Set the data down exactly as it stands, and keep its pictures out.

=== Collected material ===
BEGIN

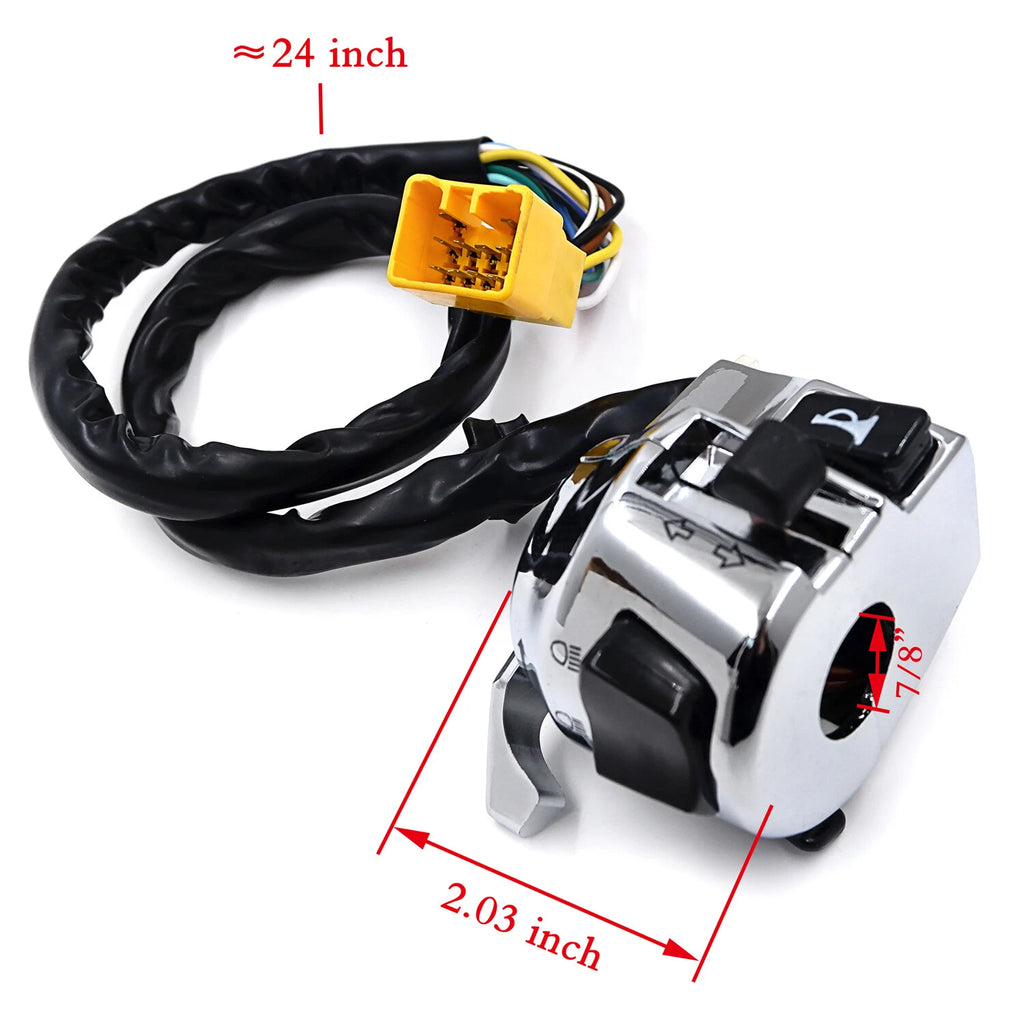 HTTMT Left Switch for Suzuki GSXR 600 750 1000 Hayabusa GSX1300R (US Model)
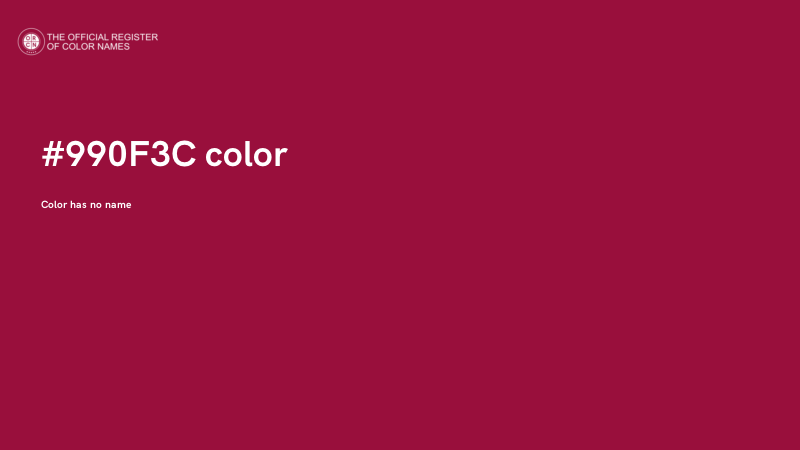 #990F3C color image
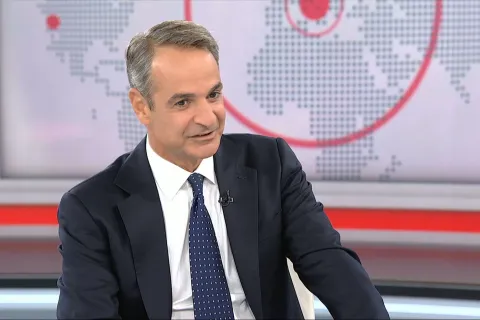 Ο πρωθυπουργός Κυριάκος Μητσοτάκης στην ΕΡΤ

END

=== Solution to this problem ===
 HTTMT Left Switch for Suzuki GSXR 600 750 1000 Hayabusa GSX1300R (US Model)
 #990F3C color image
 Ο πρωθυπουργός Κυριάκος Μητσοτάκης στην ΕΡΤ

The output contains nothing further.